Possibly means the radiator is slow to heat up if it has a baffle on the return side.
 
A few questions there,

what's the strategy for the accumulator temperature modulation ? needs to be hot enough to provide the hot water, but heating it unnecessarily if the central heating isn't needed would waste energy(accumulator losses.)

I'm not sure I know what you mean. At the moment I'll be leaving as it is as it really only comes in to play when the log boiler is running, as you can't turn it off immediately like you can with a normal boiler so the heat generated has to go somewhere (when all zones are closed). I agree there are definitely losses with the accumulator like with any storage, especially as it's in a garage with a temperature of 5C at the moment. There are some exposed metal blanking plugs that really should be insulated.
I was thinking about some sort of bypass for when the oil boiler is running so it's heated water doesn't go through the accumulator but there are a few issues with that so will likely not bother.

will the pump provide you with data to justify/optimize proportional/constant setting - & avoid stressing it.

Not sure about the pump yet as I've not had the opportunity to fit them. I have been thinking about what metric to use to decide on the best setting but there are so many variables. I will try the various type and compare performance and behaviour, see if anything is actually different. I need to know the impact of the pump settings with dynamic radiator valves since I've decided to use them in the future.

is the bypass actually automatic or it is just opened when upstairs/downstairs heating valves are both closed , for maintenance.

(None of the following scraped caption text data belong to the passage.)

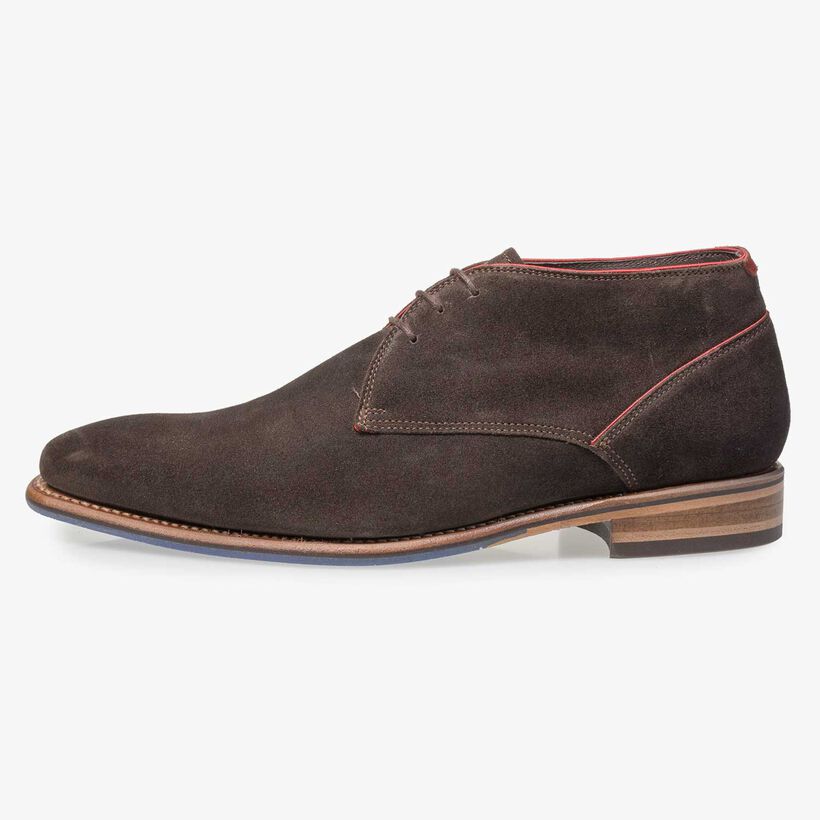 Dunkelbrauner Wildleder-Schn&uuml;rstiefel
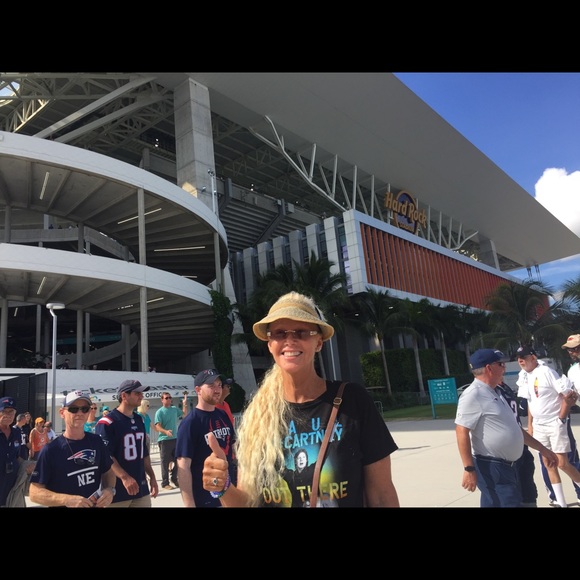 Meet your Posher, Raine🌴 - Picture 7 of 8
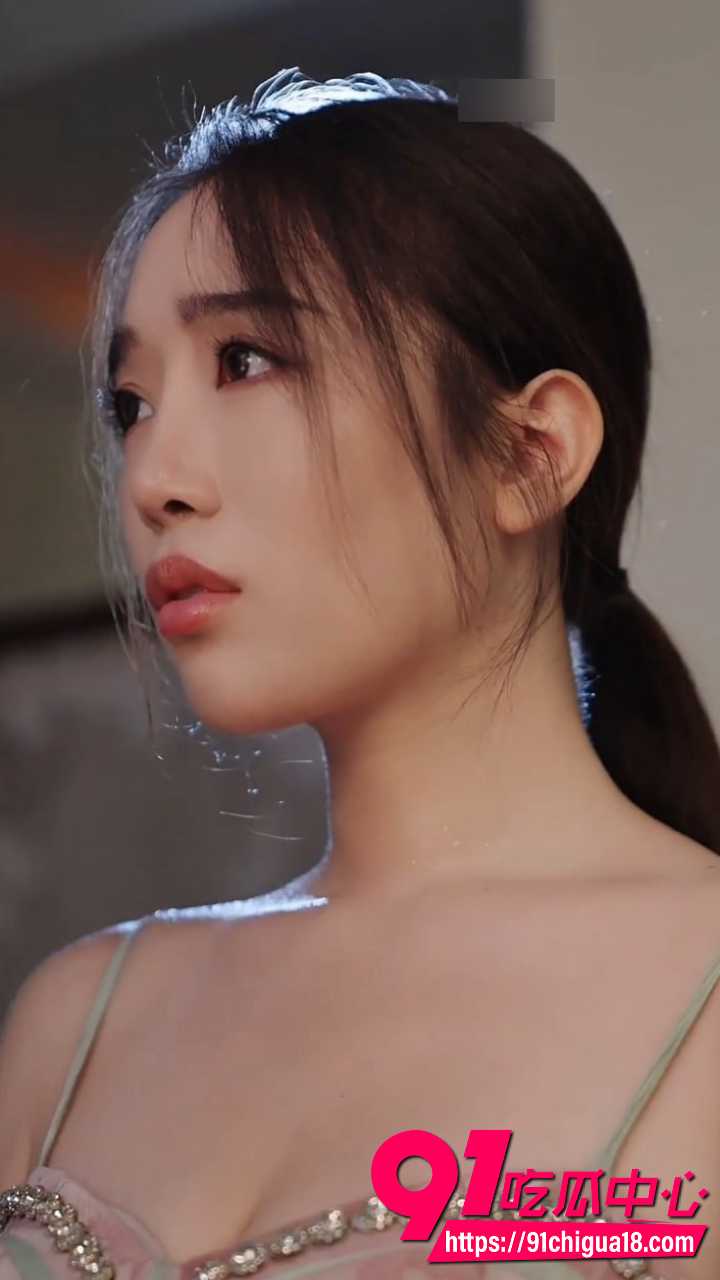 擦边短剧女人的香味尺度炸裂4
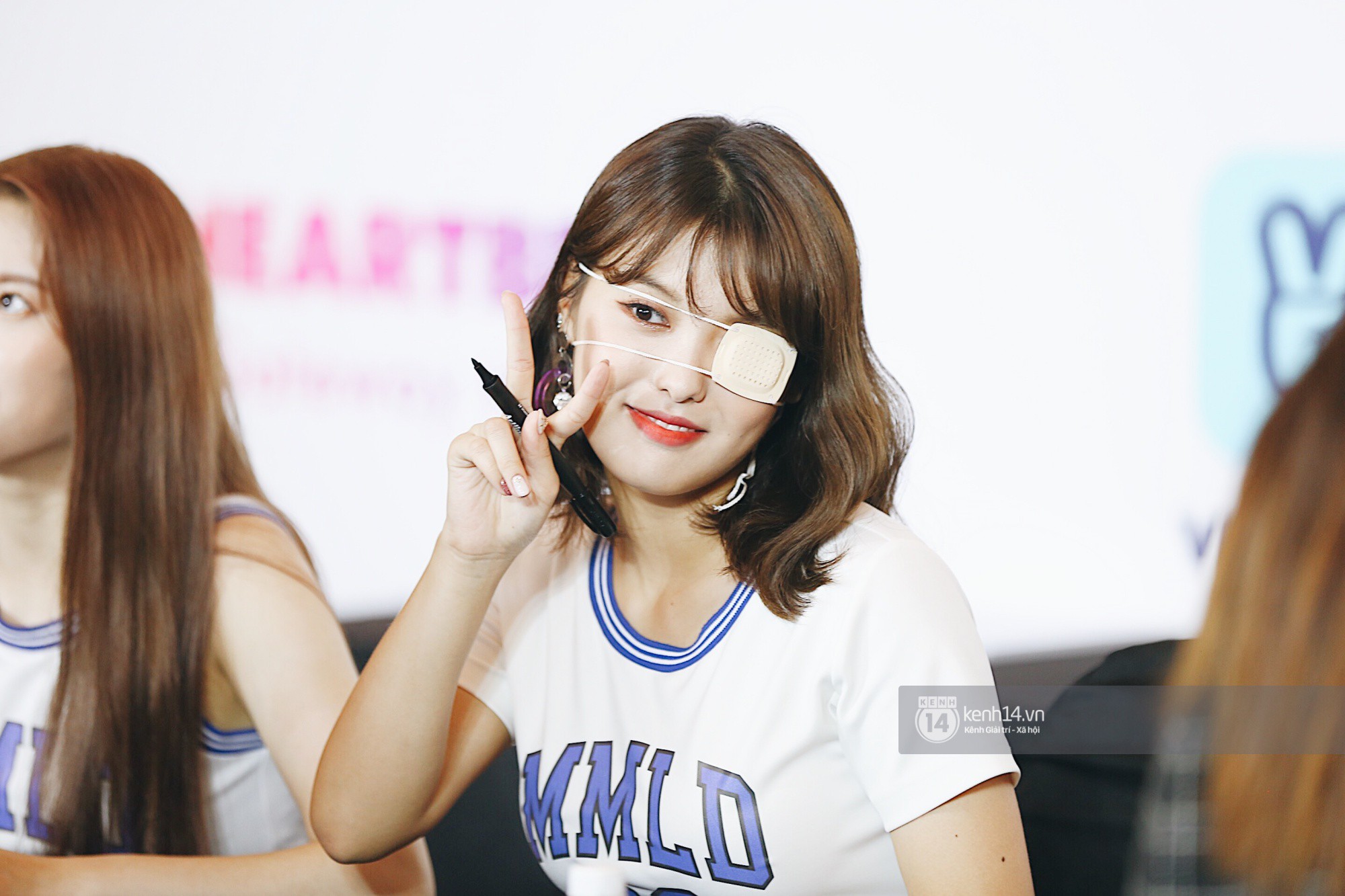 Mỹ nhân MOMOLAND đẹp vượt mặt nữ thần lai Nancy, Monsta X phanh ngực siêu hot tại fansign Việt Nam đầu tiên - Ảnh 19.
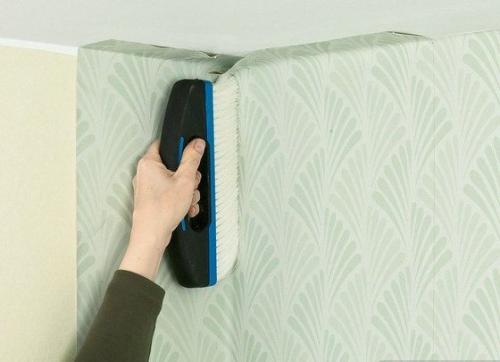 Откуда клеить обои от окна или от двери. Окно, угол или дверь: откуда все-таки начинать поклейку обоев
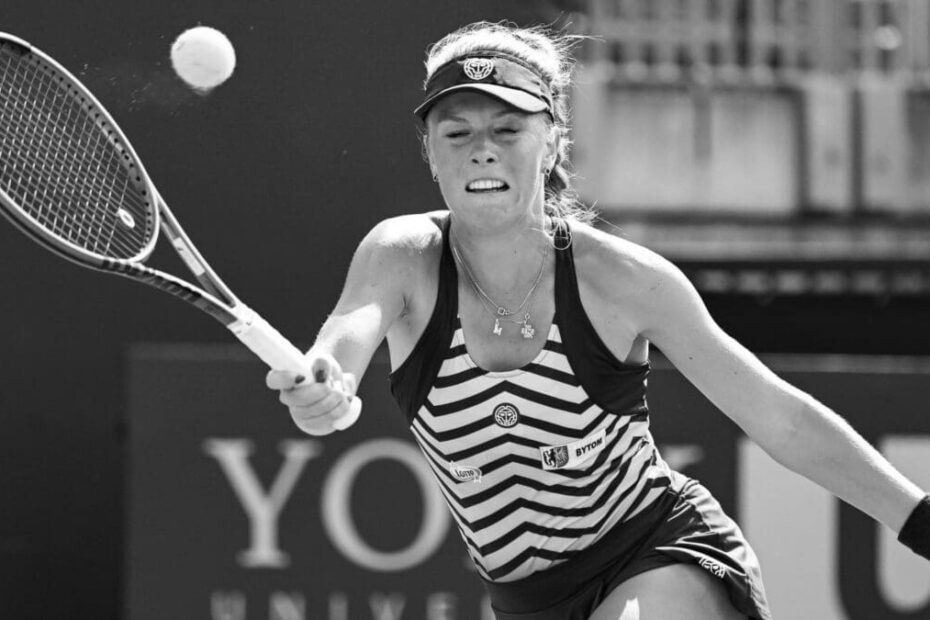 The Journey of Magdalena Fręch in Tennis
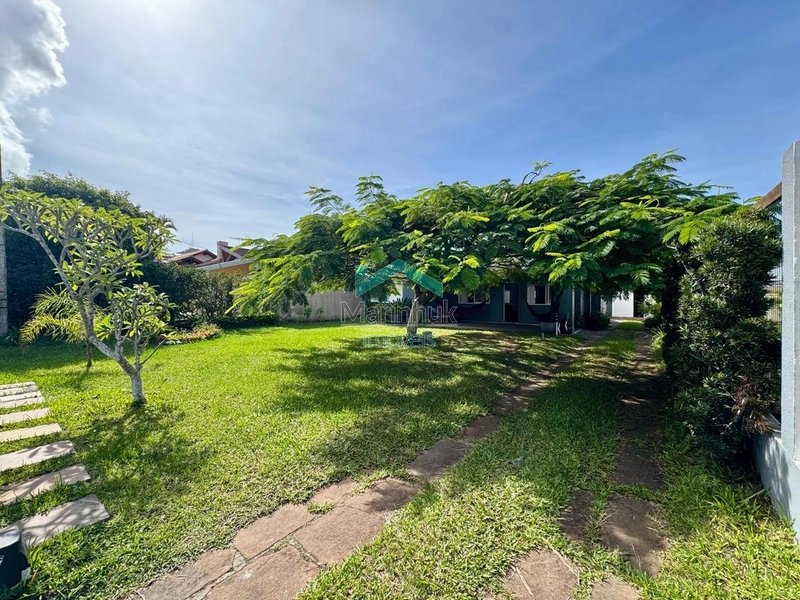 CASA À VENDA EM ATLÂNTIDA: 4ª foto da galeria de imagens do imóvel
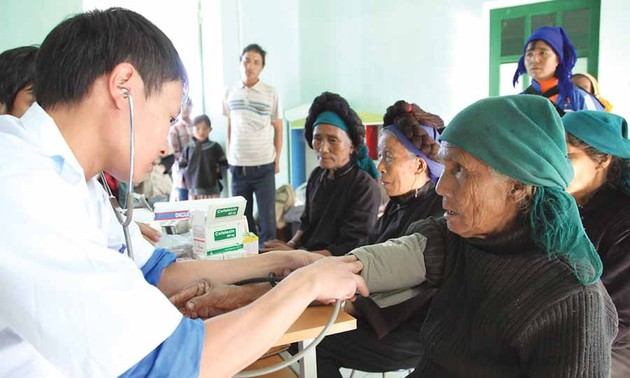  越南政府指示有关部门总体审视贫困者帮扶政策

The bypass valve is a purely manual gate valve and is currently open 20% all the time. Pretty inefficient. However, the heated water is recirculated and depending on it's temperature it's either blended with the incoming hotter water (using the Thermomatic K constant heat regulator) to reduce the amount from the boiler or it's directed to the accumulator tank and back to the boiler.
I was looking at fitting an automatic bypass valve as I've mentioned before but that will depend on the UPS3 pump setting I use. I could close it completely but that creates quite the risk should any motorised valve fail to open when the pump(s) are running.